Contact Paintings

Galerie Richard

New York, NY

September 4 – November 2, 2019

Galerie Richard New York 2019
Galerie Richard New York 2019
Galerie Richard New York 2019
Galerie Richard New York 2019
Galerie Richard New York 2019
Galerie Richard New York 2019
Galerie Richard New York 2019
Galerie Richard New York 2019
Galerie Richard New York 2019
Galerie Richard New York 2019
Donatella Twins

Press Release

Rainer GROSS                     Contact Paintings              September 4 – October 26, 2019

Galerie Richard is pleased to represent Rainer Gross in New York and Paris and present his first show in the New York gallery titled "Contact Paintings" from September 4 to October 26, 2019. Galerie Richard has exhibited Rainer Gross in Paris in 1990 and 1997. The "Twin Paintings" and "Contact Paintings" are a definitive unique achievement by the artist in the history of painting. As their name implies, the compositions are two painted surfaces that the artist presents as a diptych, each panel imprinting on and mirroring the other. With the modesty of a philosopher, he admits that he controls the general composition but nature makes the details. This unpredictability is part of the everlasting fascination the viewers engage with these paintings.
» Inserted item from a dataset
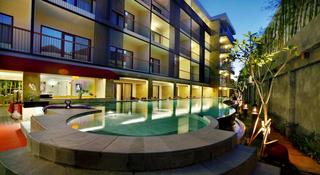 Quest Hotel Kuta by ASTON fotoÄŸrafÄ±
"Gross' process is alchemic in nature. He first paints six or seven layers of different-colored pigments suspended in water on one canvas. These are neither a solid color nor a pattern, but each layer covers the last completely. He then applies an approximately 1/8-inch-thick layer of paint on another canvas of equal size, pressing them together by hand and leaving them to "cure". Gross then pulls the canvases apart, revealing the parts of the surface that have adhered to the other." This idiosyncratic technique produces a consciously unpredictable crackled impasto landscape that you can infinitely refer to other materials or textures altered by time. He hangs the double painting upside down, confusing the viewer by escaping obvious symmetries.
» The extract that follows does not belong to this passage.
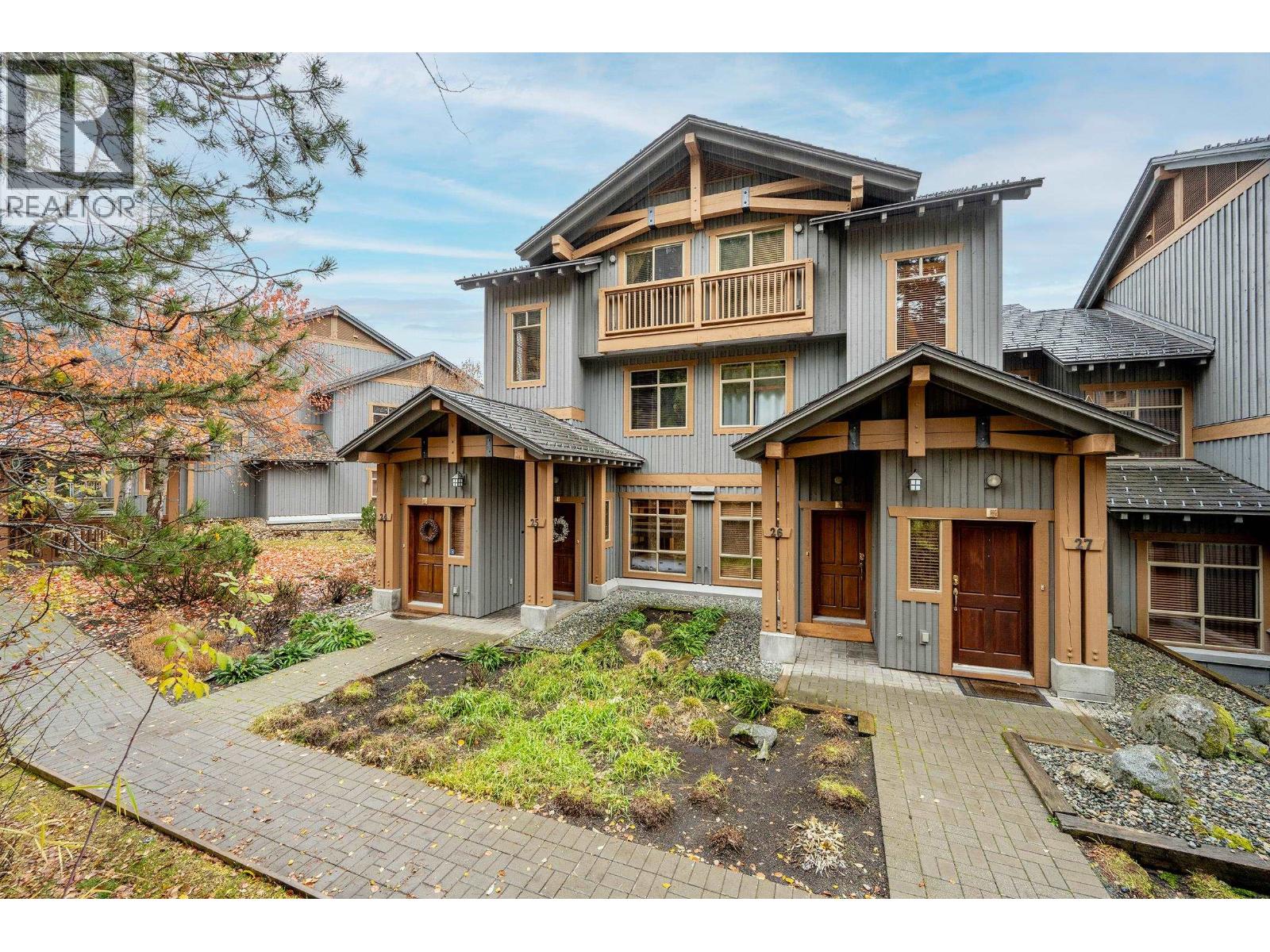 25 2301 Taluswood Place, Whistler, British Columbia  V8E 0P8 - Photo 21 - R3067712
Understanding Rainer Gross paintings requests to recognize the challenge to become a painter in the '70s in Cologne, when the ideology of "The End of Painting" professed by Joseph Beuys and Associates at the Kunst Akademie Düsseldorf became a dominant ideology amongst the "elite" of the art world. Choosing to be a painter at that time meant thinking about the specificities of the medium, and the new ways to develop the history of the medium. From figuration to abstraction, Rainer Gross series shared one common point: they reveal every layer of paint and texture. From sticking kitsch canvases on his paintings, superimposing geometrical lines on figurative subjects, to the "Twin Paintings" and the "Contact Paintings", it has always been a play of visible superimpositions of various layers of paint.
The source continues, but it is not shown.